Search the material below for the word "about". Copy every line that has it.

Record extracts -
Segment Open

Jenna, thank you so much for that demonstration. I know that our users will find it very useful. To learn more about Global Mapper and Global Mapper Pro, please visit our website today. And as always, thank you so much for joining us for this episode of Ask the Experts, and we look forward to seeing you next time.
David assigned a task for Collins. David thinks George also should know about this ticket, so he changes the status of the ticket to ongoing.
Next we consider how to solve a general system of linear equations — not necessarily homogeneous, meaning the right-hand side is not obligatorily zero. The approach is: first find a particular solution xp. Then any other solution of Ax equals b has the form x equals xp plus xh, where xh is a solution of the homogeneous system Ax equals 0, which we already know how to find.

Segment Closed
Segment Open

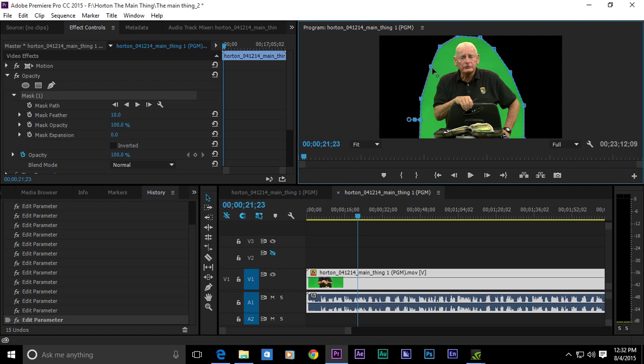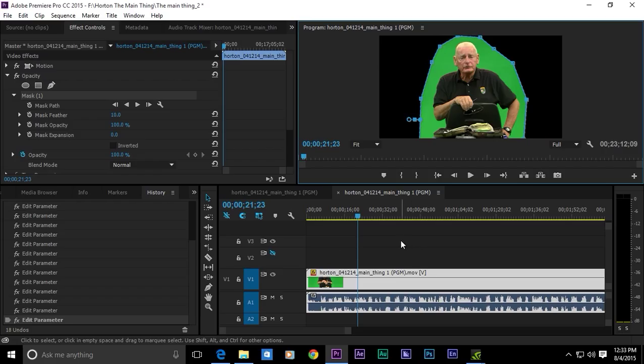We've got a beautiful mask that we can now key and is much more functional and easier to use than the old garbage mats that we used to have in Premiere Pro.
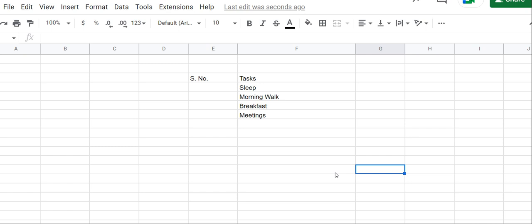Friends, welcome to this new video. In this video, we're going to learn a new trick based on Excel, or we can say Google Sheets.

Segment Closed

Result below -
Jenna, thank you so much for that demonstration. I know that our users will find it very useful. To learn more about Global Mapper and Global Mapper Pro, please visit our website today. And as always, thank you so much for joining us for this episode of Ask the Experts, and we look forward to seeing you next time.
David assigned a task for Collins. David thinks George also should know about this ticket, so he changes the status of the ticket to ongoing.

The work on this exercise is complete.